The term of planning poker is used to describe the method which utilises a group of developers to estimate the relative size of a development task, or multiple of. When a team is playing planning poker, people go through the tasks one by one, estimating the task as they go. You can read more about the method in Wikipedia, for instance.

One benefit of planning poker is including the opinion of each developer when the estimates are done. Generally the more experienced developers, who might know the system inside and out, may lean on the smaller side of the estimate spectrum. This is quite natural, as it is how that person sees the task. What he might fail to note is that not every developer in the team shares the same experience, expertise or insight on how the app works currently.

#### Before Moving on...

Before we move on to the cool stuff, try answering these two questions. I promise it'll make sense in just a minute.

### The Cool Stuff

Now, where the game gets interesting is the psychology behind it. The Wikipedia description includes this, sometimes overlooked rule of planning poker: "all participants show their [estimate] card at the same time". For a successful round of planning poker, I consider this quite essential part of the game. Why, you might ask...

It all boils down to something called the anchoring effect. In a nutshell, anchoring means using some initial piece of information as a base on which we build our own opinion of the matter. Daniel Kahneman's Thinking Fast and Slow elaborates this by using an example:

The guests at San Fransisco Exploratium were subjected to an experiment to see how the anchoring affects people's estimates. People were split into two groups, each of which two questions were asked as follows:

Group 1
Is the height of the tallest redwood tree more or less than 365 meters?
What is your best guess about the height of the tallest redwood tree?

Group 2
Is the height of the tallest redwood tree more or less than 55 meters?
What is your best guess about the height of the tallest redwood tree?
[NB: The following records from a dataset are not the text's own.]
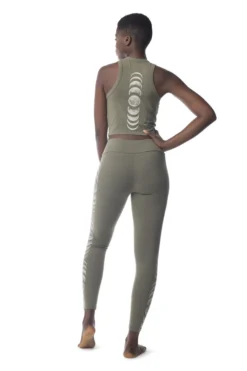Synergy Organic Clothing Moon Phases Basic Legging - Kalamata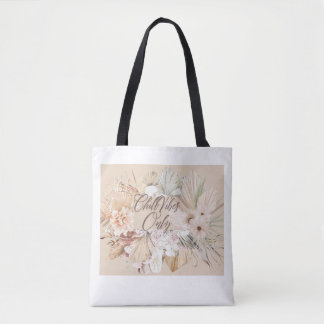 natural taste flower tote bag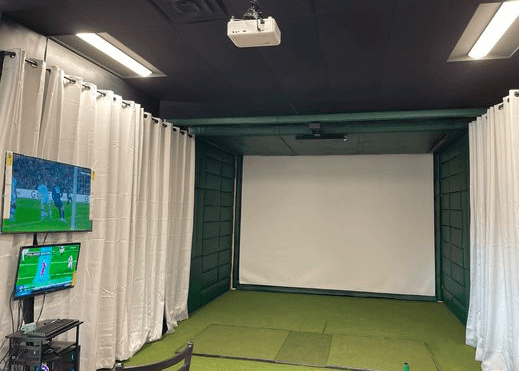 Veteran-owned Pin Seeker's Golf Lounge offers virtual game simulators
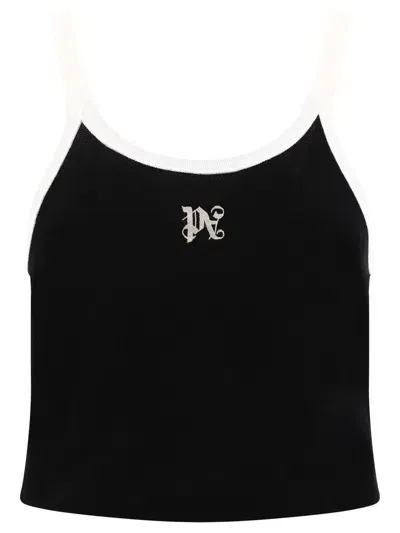 Palm Angels Monogram Tops Black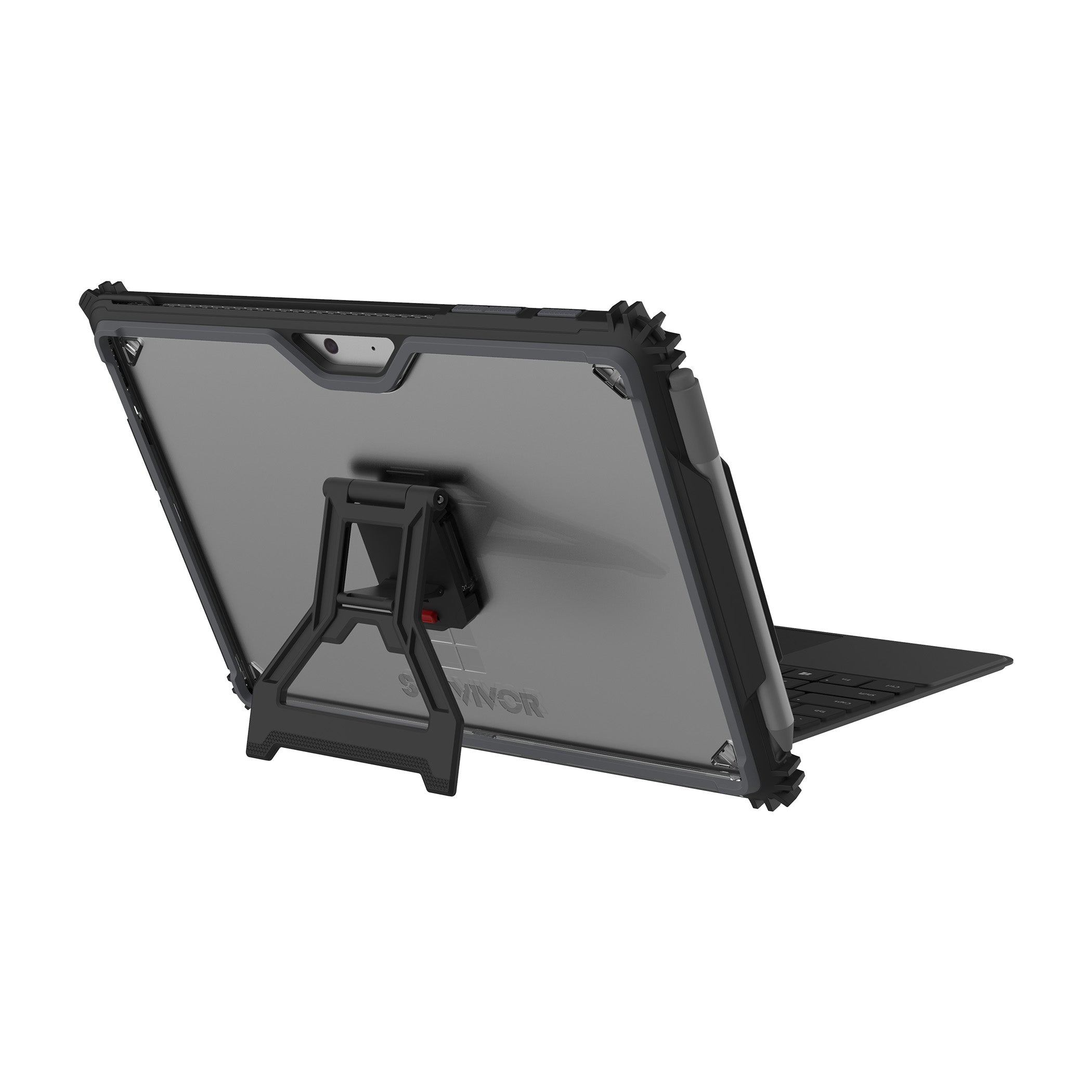 Black | Survivor Strong for Microsoft Surface Go 3 / Microsoft Surface Go 2 / Microsoft Surface Go - Black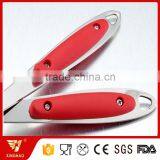 3 MM Thick 6 Pcs Kitchen Utensil Set of Stainless Cookware With Red Silicone Handle thumbnail-5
What was noted that the first question affects how people will respond to the second question. The average estimate of height of the tallest red wood tree for the group one was ~257 meters while the group 2's average was around 85 meters. Quite a big difference just by changing one number in the first question. The anchor.

So if we skip the "everyone reveals their estimate at the same time" we establish the possibility to anchoring to happen. It means that whoever speaks their mind first might affect the estimates of people coming after them. Following estimates might not necessarily become the same, but it's easier for the person to drop their original estimate of 5-7 points to 3, for instance. And that's a big difference.

The lesson is this: if you're playing planning poker, go all in!